Ich frage ihn, ob die gedruckte Zeitung eine Zukunft hat. "Ich weiß zwar nicht, ob in fünf oder in zehn Jahren, aber in den USA wird Print schon bald keine Rolle mehr spielen", antwortet Hughes. "Anders übrigens als auf dem europäischen Markt: Gute Paid-Content-Modelle fehlen, dort wird der Umbruch noch Jahrzehnte andauern", sagt er und zwinkert mir zu.
Eine Kommilitonin steht auf: "Ich habe eine Businessidee entwickelt, können wir mal darüber reden?" Hughes lacht. "Klar, komm im Anschluss auf mich zu." Und tatsächlich sehe ich hinterher, wie die beiden, über ein paar Seiten Papier gebeugt, eine Viertelstunde lang miteinander diskutieren.

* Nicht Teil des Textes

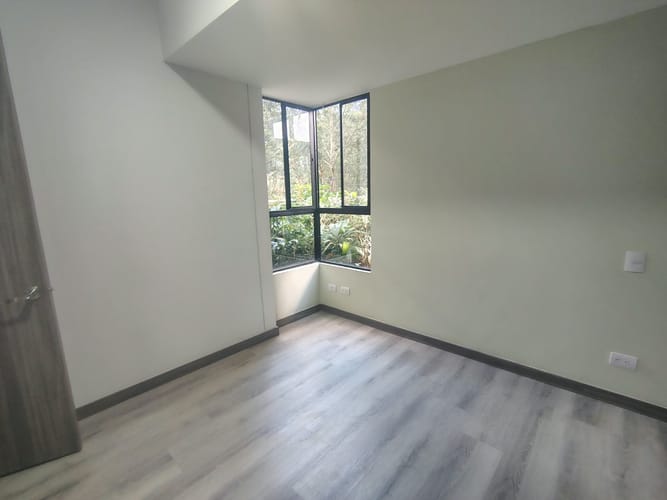 Apartamento de 2 alcobas en arriendo en El Poblado, Medellín, 64 m² · foto 10 de 16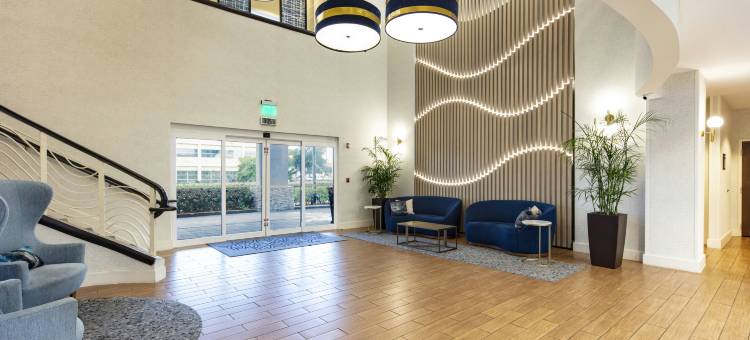 迈阿密机场南蓝礁湖欢朋套房酒店(Hampton Inn & Suites Miami-Airport South-Blue Lagoon)图片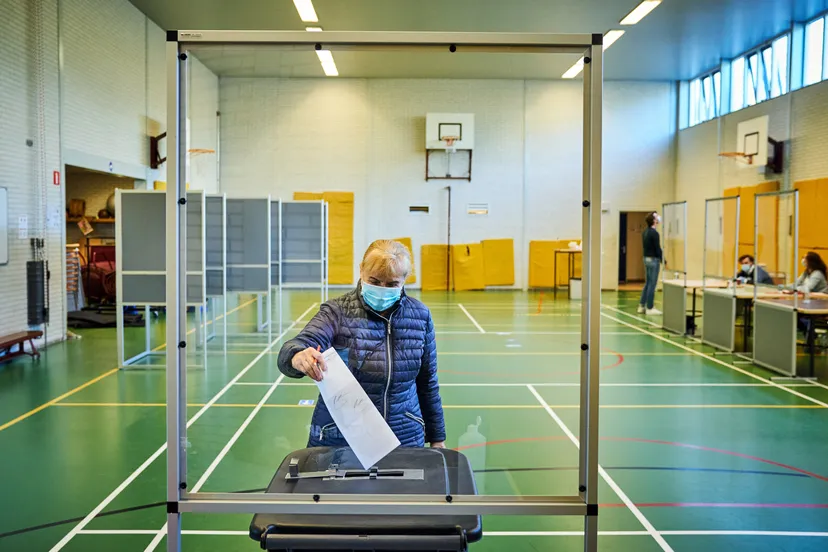 01 20201118 stemmen pnh36945909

Neue Geschäftsidee: Rent-A-Vacuum-Cleaner
Die nächste Stunde Brian McKenzie steht auf dem Vorlesungsplan. Zusammen mit fünf Kommilitonen aus dem Wohnheim habe ich die Prüfungsform "Mit 50 Dollar Startkapital eine Businessidee real umsetzen" gewählt. Unser kauziger Professor hatte in der letzten Vorlesung betont: "Wenn ihr nach interessanten Ideen sucht, denkt nicht an das, was die Menschen gerade gut finden. Schaut, was die Leute stört, was ihnen fehlt!"

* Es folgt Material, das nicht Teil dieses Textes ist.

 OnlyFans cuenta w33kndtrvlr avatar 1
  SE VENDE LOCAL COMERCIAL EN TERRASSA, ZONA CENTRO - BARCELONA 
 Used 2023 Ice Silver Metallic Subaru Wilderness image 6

Nach der letzten Party im Wohnheim mussten wir feststellen, dass das Wichtigste nirgends zu finden war: ein Staubsauger! Die Marktlücke war gefunden, unsere Businessidee geboren: Rent-A-Vacuum-Cleaner, eine Staubsaugervermietung für das internationale Wohnheim.

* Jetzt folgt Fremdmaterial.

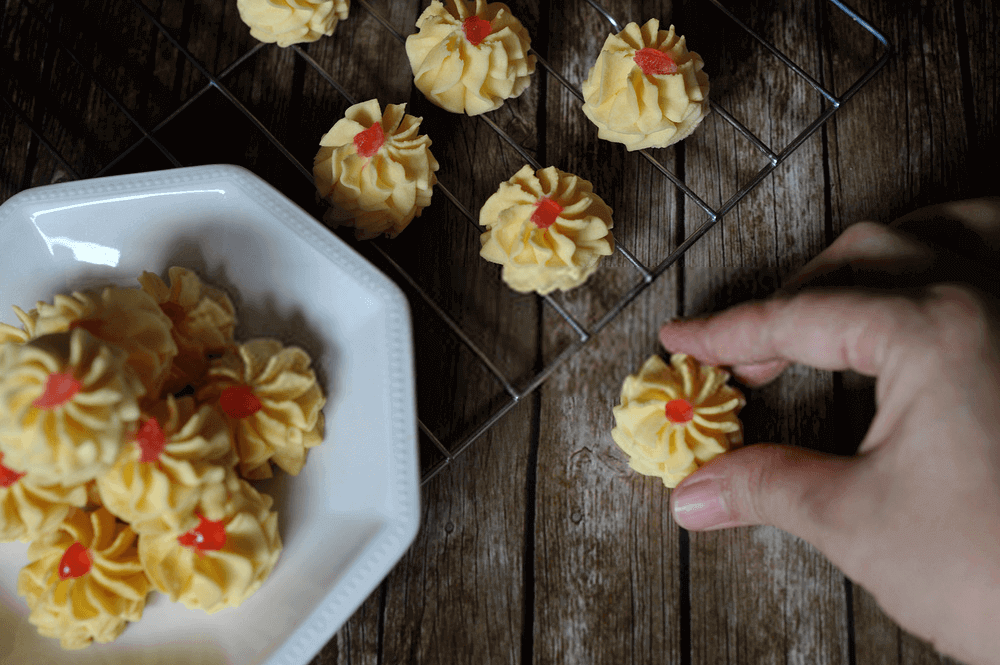 biskut raya popular - biskut samperit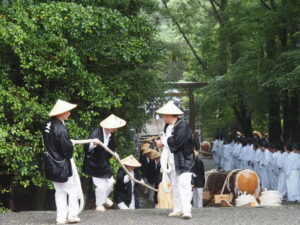 風日祈宮橋付近までの御樋代木の奉曳(内宮)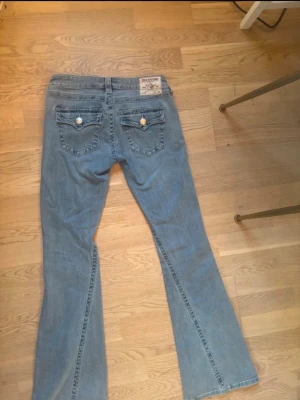 Blå bootcut jeans True Religion - Storlek 36 använda typ 2 gånger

Nachdem wir die nächsten Schritte unternommen hatten (Staubsauger gekauft, Angebotsformen diskutiert, Werbeflyer gestaltet), können sich die Kommilitonen endlich wieder über saubere Apartments freuen. Auch Brian ist begeistert: Der Break-Even-Punkt, bei dem der Umsatz die Kosten ausgleicht, war schnell erreicht. Millionäre werden wir damit nicht werden, aber selten war ein einzelner Kurs so praxisnah wie dieser.
Als wir Brian unsere Bilanz präsentieren, ist auch er zufrieden. "Da draußen sind viele kluge Köpfe mit neuen Ideen. Aber man wird kein Unternehmer, wenn man nur denkt und sich zu komplizierte Fragen stellt. Man muss handeln." Und dann beendet er seine Vorlesung mit diesem Satz, der mich immer an das Auslandssemester in Kalifornien erinnern wird: "Don't ask, just do!"